Is Portland’s Lack of Big Men Prone to Cause Problems?

Former Mountain Brook star on the rise in NBA -
Steve Dykes / AP Photo

As a deafening silence rings throughout Rip City, it’s become apparent that the Blazers’ offseason has concluded. With the roster set, there are some strong suits, like all rosters will have, but how concerning is it when taking a magnifying glass to the weaker spots of the nightly rotations?

For starters, a starting five of Damian Lillard, Anfernee Simons, Josh Hart, Jerami Grant, and Jusuf Nurkić is a tremendous upgrade from what Portland has had for the more significant part of the last five seasons. A true mix of scoring, playmaking, and defensive wings with the ability to create for themselves, Joe Cronin is more than deserving of applause for that core group. That said, going further down the totem pole could leave fans concerned as they evaluate the roster as a whole. But is the concern warranted?

It’s easy to stagger the minutes of Damian Lillard and Anfernee Simons so the lack of a true backup point guard should not raise a red flag. Having a trio of Nassir Little, Justise Winslow, and Gary Payton III gives Coach Billups more than enough room to experiment with different match-ups and schemes on a night-to-night basis.

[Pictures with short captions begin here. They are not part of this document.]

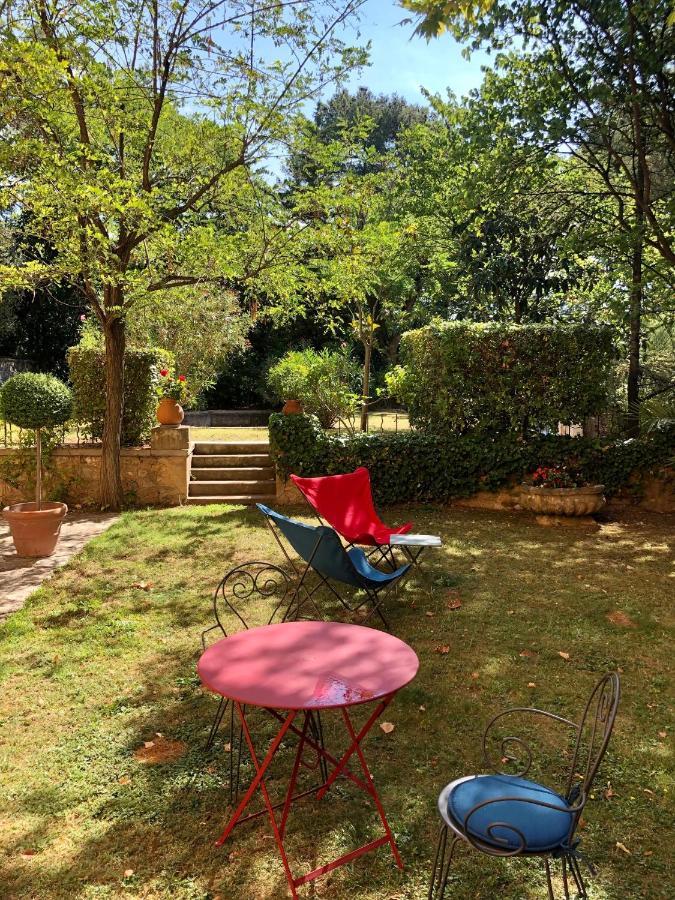אקס-אן-פרובאנס B&B Villa Roumanille מראה חיצוני תמונה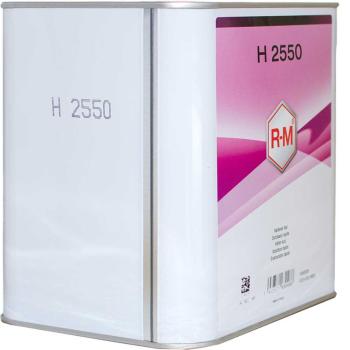 RM hardener H 2550 fast 2,5 liter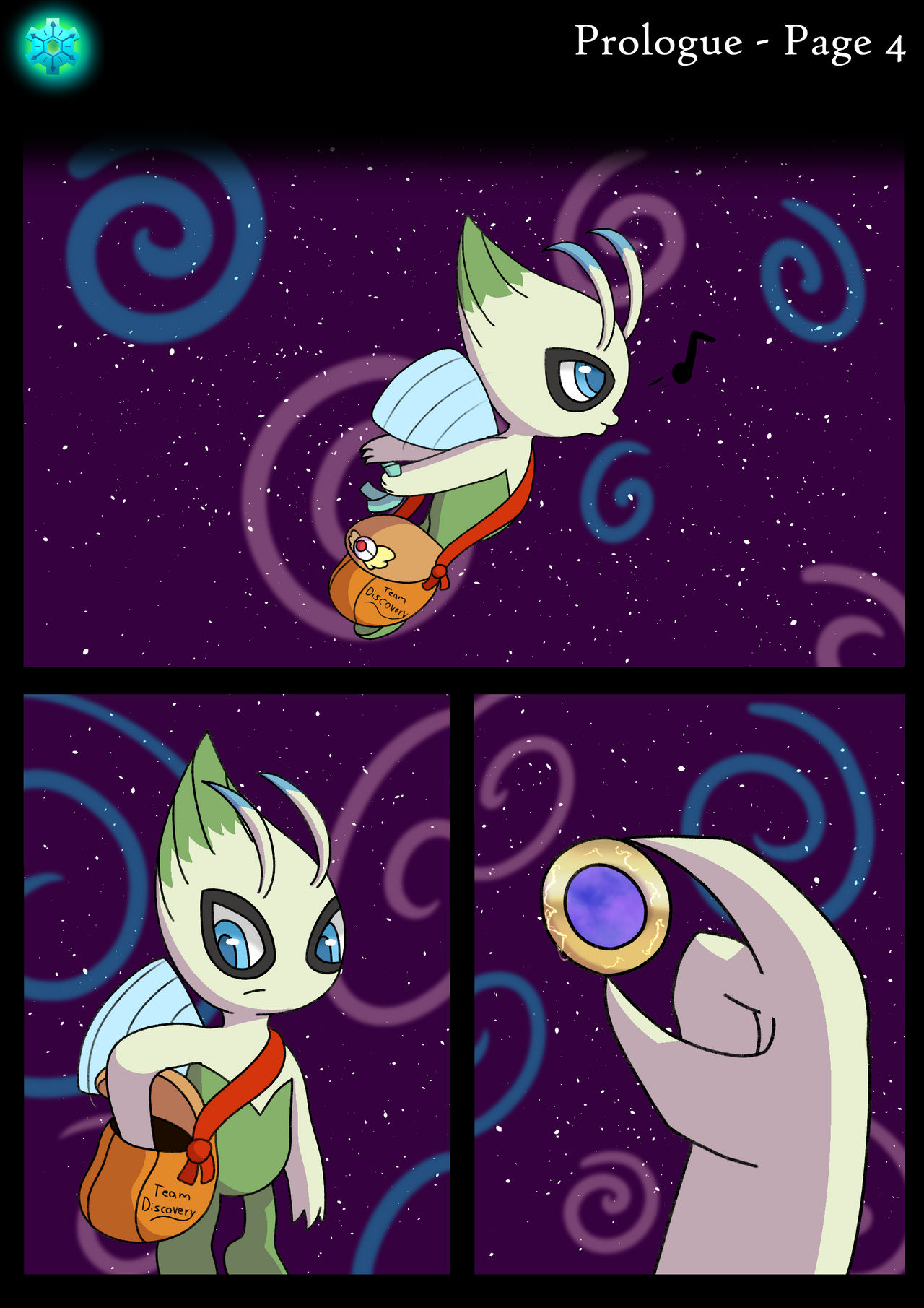 EoT - Prologue Page 4 by HVZuku on DeviantArt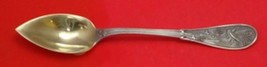Japanese by Tiffany and Co Sterling Silver Grapefruit Spoon Custom Made 6&quot; - £134.06 GBP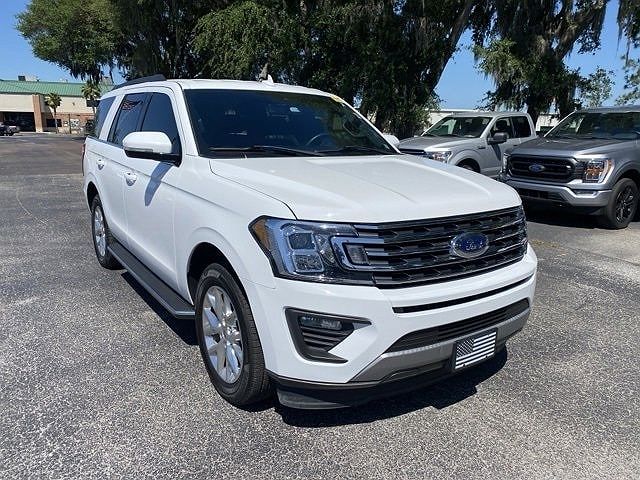 2020 Ford Expedition XLT image 1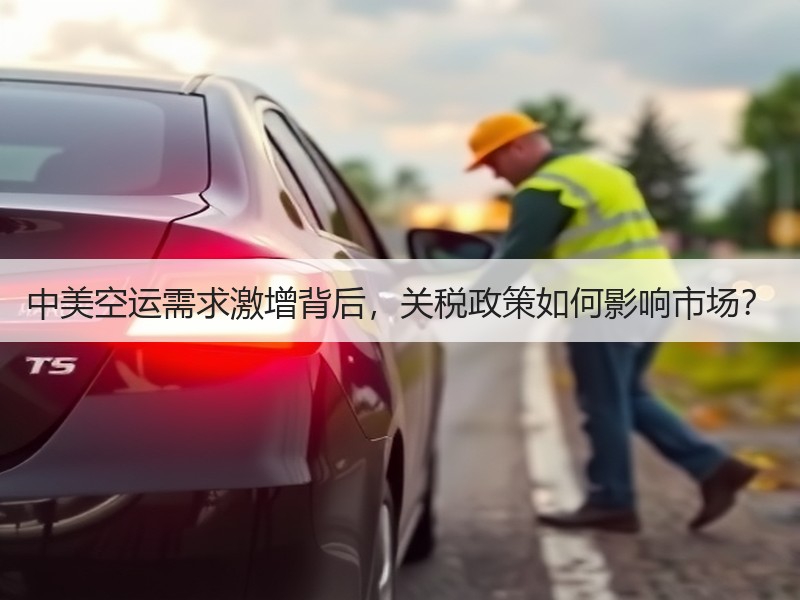 中美空运需求激增背后,关税政策如何影响市场? 中美空运需求激增背后,关税政策如何影响市场?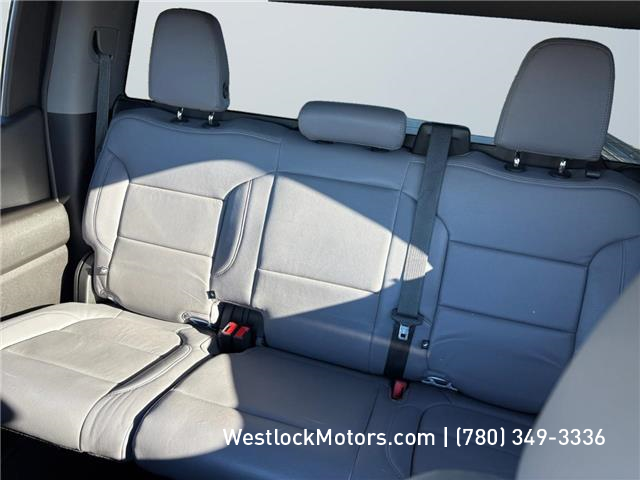 2021 Chevrolet Silverado 1500 LT (Stk: W80354) in Westlock - Image 13 of 15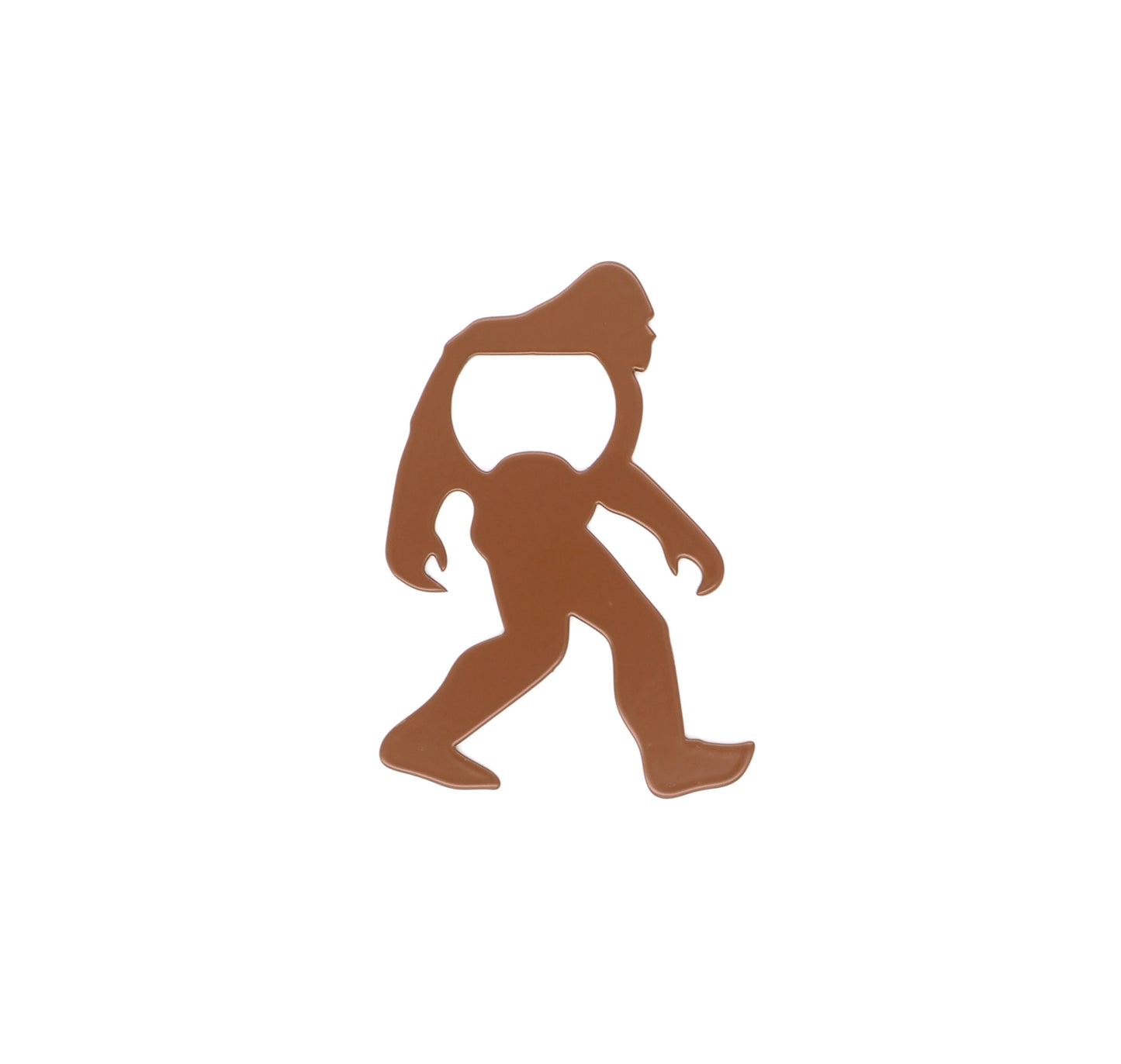 Sasquatch Bottle Opener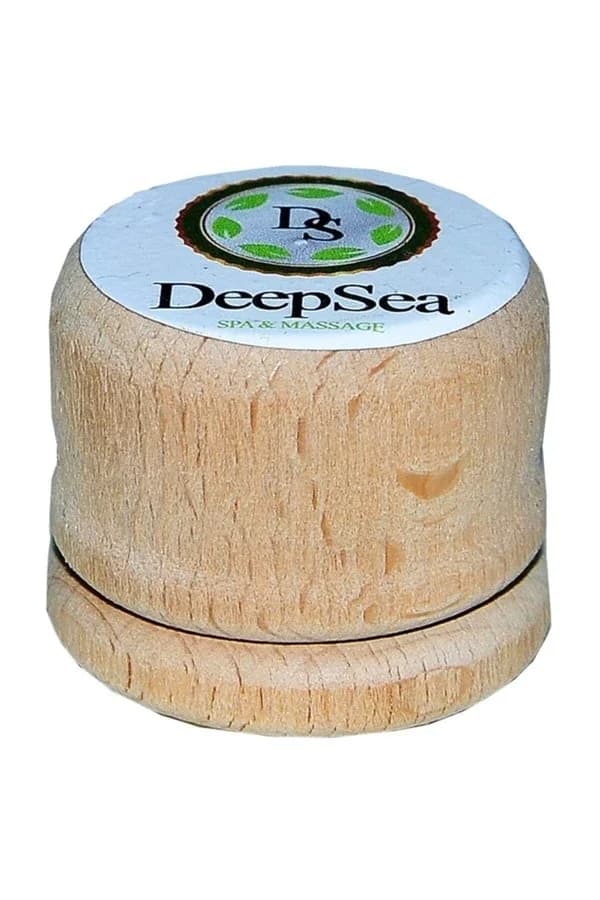 DeepSea Spa Menthol-Massagestein zur Muskelentspannung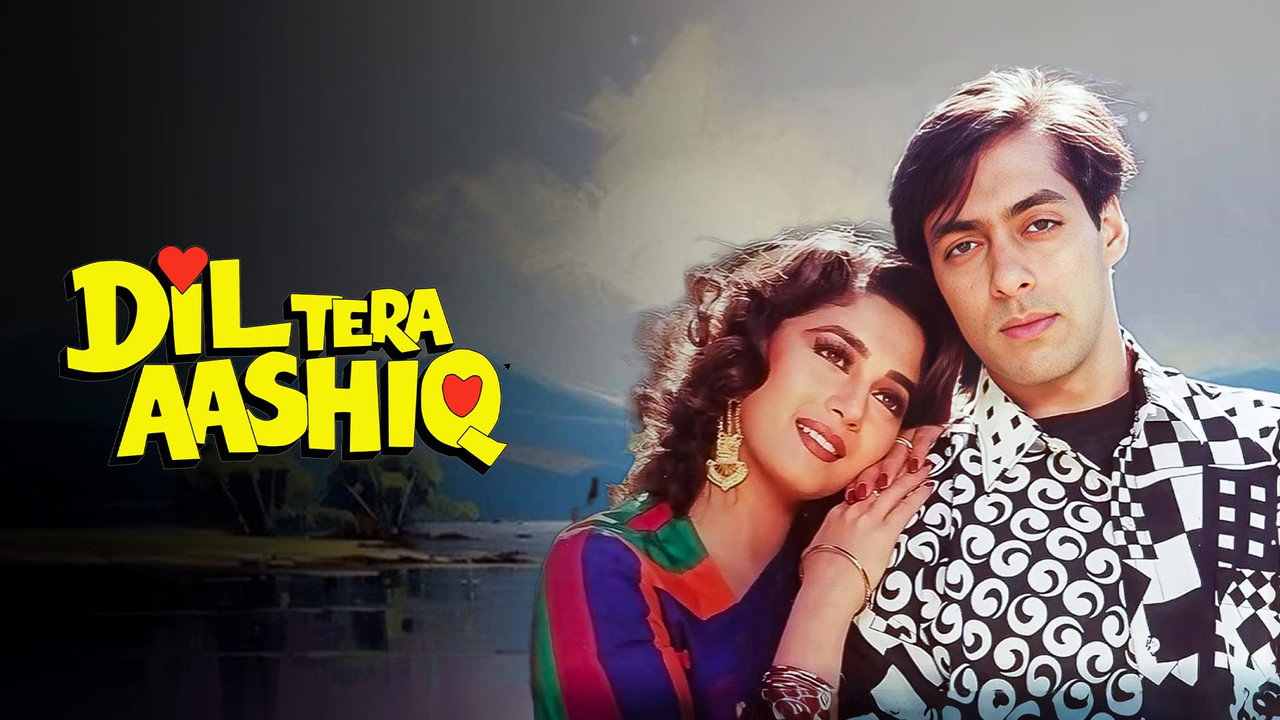 Dil Tera Aashiq backdrop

It comes down to how well a duo of Jerami Grant and Jusuf Nurkić can do on manning the middle, and just how long is it sustainable on their shoulders alone?

To close the season, Drew Eubanks had a couple of solid outings as he averaged 14.5 points and 8.5 rebounds in 22 games with the Trail Blazers. Alongside Eubanks, Trendon Watford would be the one to round out a thin frontcourt rotation. Watford was more than impressive in the Trail Blazers’ Summer League, more so a revelation to those who weren’t tuning into games on a nightly basis.

The idea of Eubanks and Watford producing valuable minutes and providing a spark is not out of the realm of possibility, and truly that notion should not be met with as much doubt as it has been. Both high-energy rim running bigs could be utilized in a couple different ways. Eubanks proved to be an adequate roll man in a half-court setting, being assisted on 76 makes at the rim in the final 22 games of the year. Watford comes in a more versatile package as he has the ability to play from a couple different spots as a screener and now looking to expand his game beyond the arc.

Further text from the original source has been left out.